In the latest commissioned work for the 14th Mercosur Biennial in Brazil, Li Yong Xiang continues his exploration of ‘head sculpture,’ constructing installation paintings and sculptures that can be flexibly combined, resembling a three-dimensional jigsaw puzzle, through oak wood block components. The work Between Eyes and Brains (2025) continues the artist’s reflection on the isolating and fragmenting emphasis of modernity’s ‘anatomical visuality,’ thereby offering a humorous critique of so-called ‘esoteric’ or ‘scientific’ modes of viewing. In the work, the ‘eyes’ that refer to observation and the ‘brains’ that symbolize thought are extracted into indices for the visitor’s inspection. Simultaneously, within the interplay of painting and space, the two are mutually constrained yet intrinsically linked. Between the folds, the work alludes to the fictitious nature of the binary oppositions in observation and thought.

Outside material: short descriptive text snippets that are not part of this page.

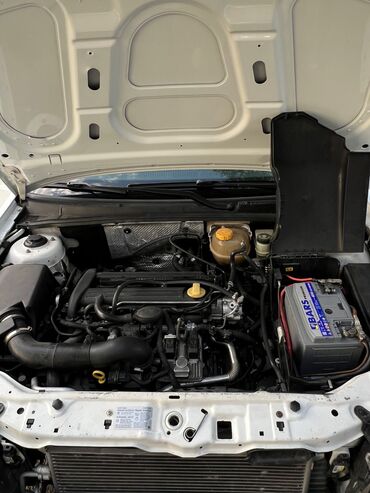 Opel: Opel Vectra: 2005 г., 2.2 л, Автомат, Бензин, Универсал — 7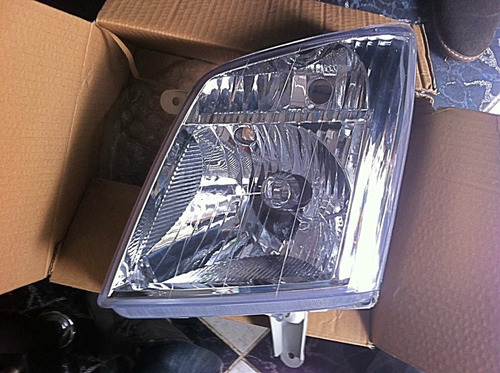 Unidad Delantera Farola Chevrolet Luv Dmax 2011 Similares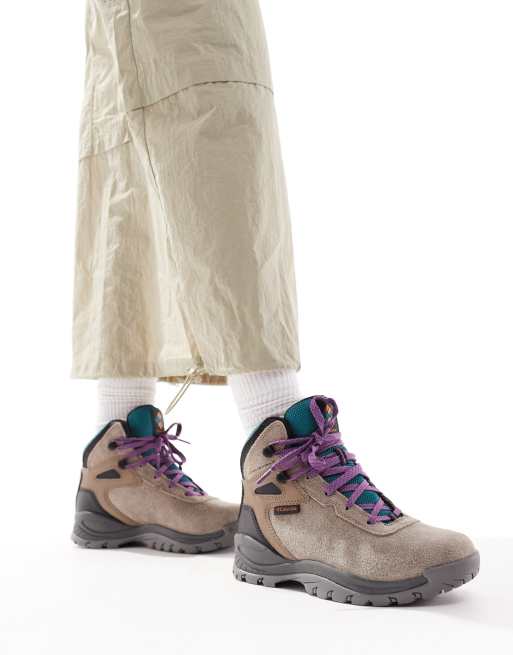 Columbia – Newton Ridge – Brązowe buty trekkingowe ASOS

Mire‘s latest ‘Heads’ series of sculptures continues the tradition of displaying classical busts while integrating her long-standing creative characteristic of concrete and industrial waste as medium to simulate human and skeletal forms, thereby generating psychological tension and concepts of trauma. The works present skull-like contours, with the concrete surfaces mimicking the texture of bone, intertwined in a peculiar manner, as if pointing towards some ancient material and life form; they do not entirely belong to humans yet are generated from the industrial remnants of humanity. Between the construction and disintegration of the body system, an atmosphere that is both alienated and intimate is created, allowing the visitor, upon delving deeper, to glimpse those inexpressible intensities of life within their own experience.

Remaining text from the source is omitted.